**Action item**
This calls for a word-for-word copy of all the data, with each picture removed.

**Source records**
^^^^

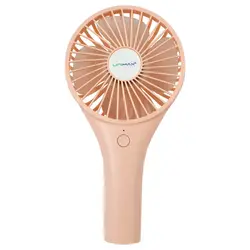 پنکه دستی یونی مکس مدل unimax handy fan umf-824hu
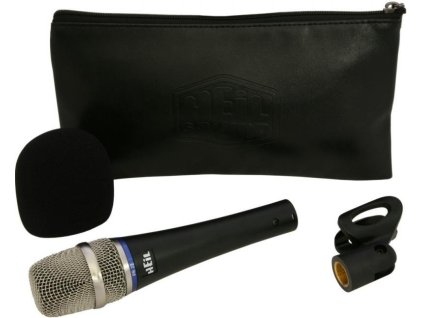 Heil Sound PR22-UT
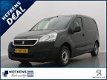 Peugeot Partner - 120 1.6 BlueHDi 75pk L1 Première | Parkeersensoren | Zijschuifdeur | - 1 - Thumbnail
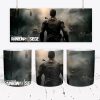 Tazza VIDEOGIOCHI - Rainbow Six 7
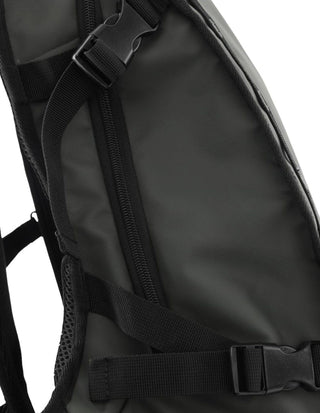 Backpack Charcoal GAP 43 CHRC GAP Water Repellent Travel Backpack in Charcoal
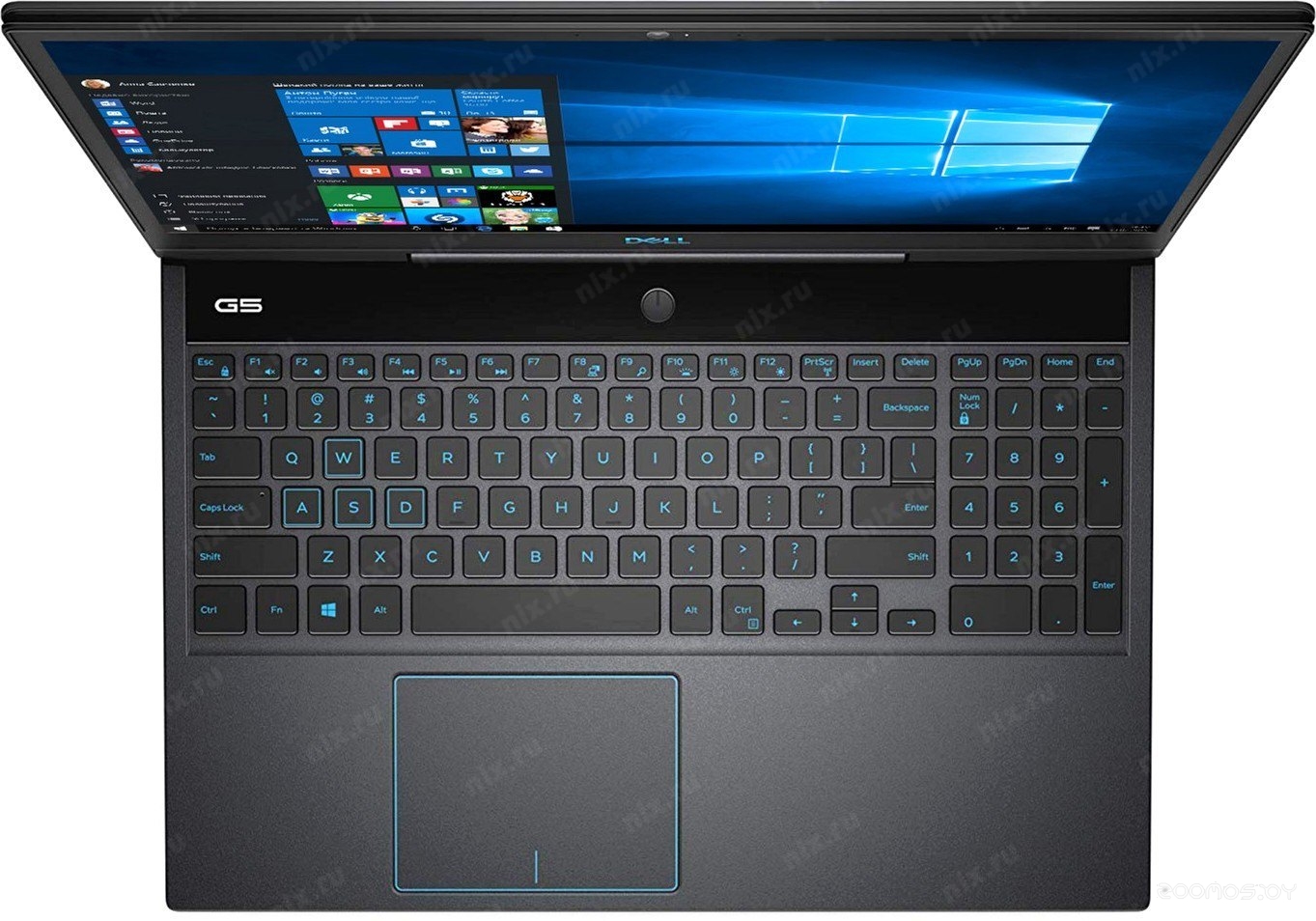 Игровой ноутбук DELL G5 15 5590 G515-8030, фото 3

^^^^

**Solution to the exercise**
 پنکه دستی یونی مکس مدل unimax handy fan umf-824hu
 Heil Sound PR22-UT
 Peugeot Partner - 120 1.6 BlueHDi 75pk L1 Première | Parkeersensoren | Zijschuifdeur | - 1 - Thumbnail
 Tazza VIDEOGIOCHI - Rainbow Six 7
 Backpack Charcoal GAP 43 CHRC GAP Water Repellent Travel Backpack in Charcoal
 Игровой ноутбук DELL G5 15 5590 G515-8030, фото 3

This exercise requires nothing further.